**Task to complete**
From the line containing "Najtańsza laweta pomoc" to the last line of the listing, both included, copy every line exactly and drop the pictures.

**Data segment**
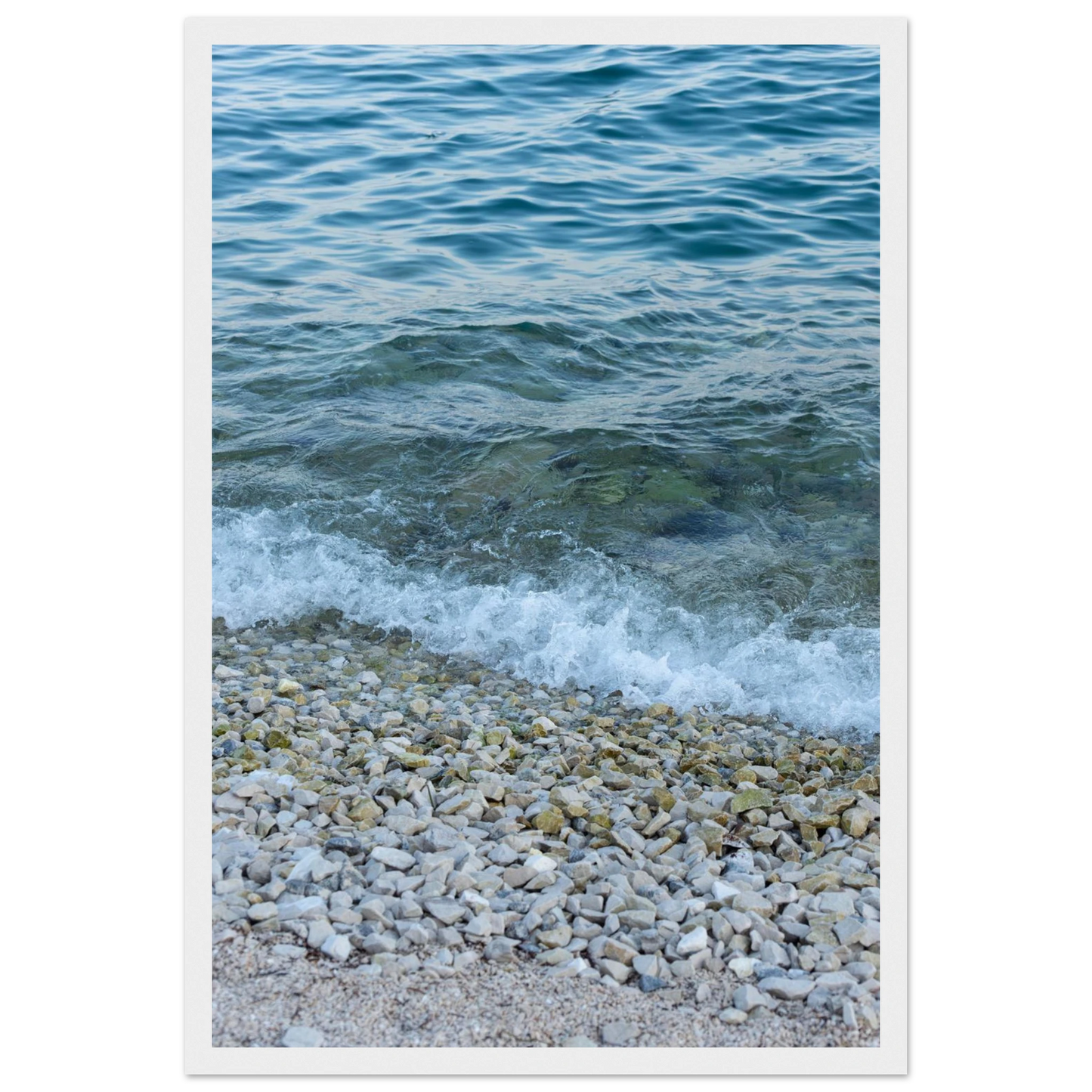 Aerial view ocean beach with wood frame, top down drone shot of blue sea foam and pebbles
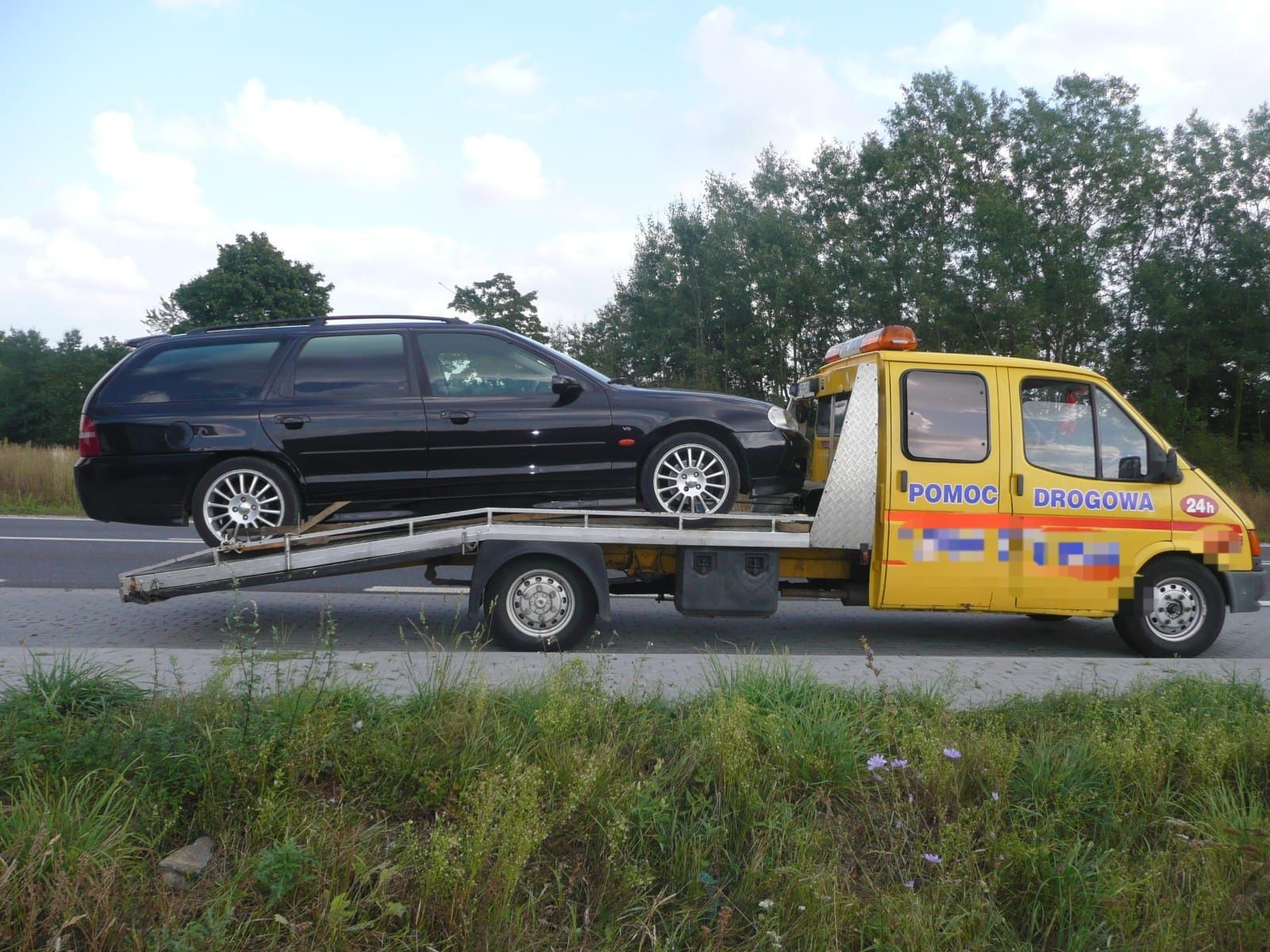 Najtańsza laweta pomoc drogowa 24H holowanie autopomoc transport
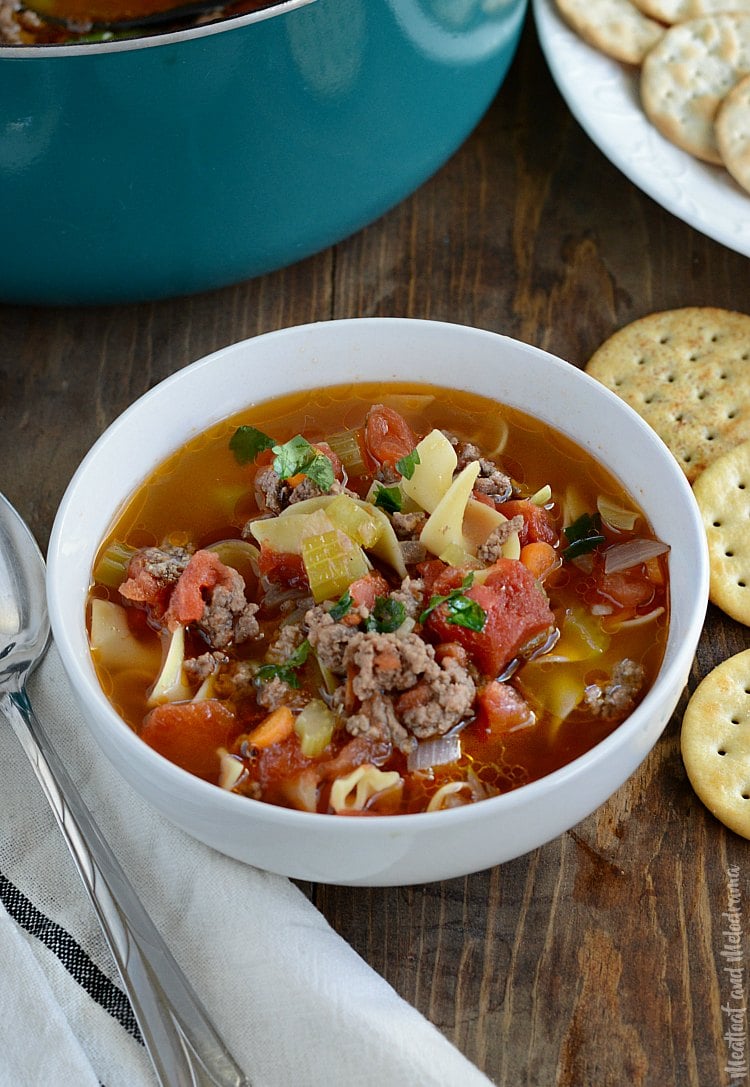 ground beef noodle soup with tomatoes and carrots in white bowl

**Problem solution**
 Najtańsza laweta pomoc drogowa 24H holowanie autopomoc transport
 ground beef noodle soup with tomatoes and carrots in white bowl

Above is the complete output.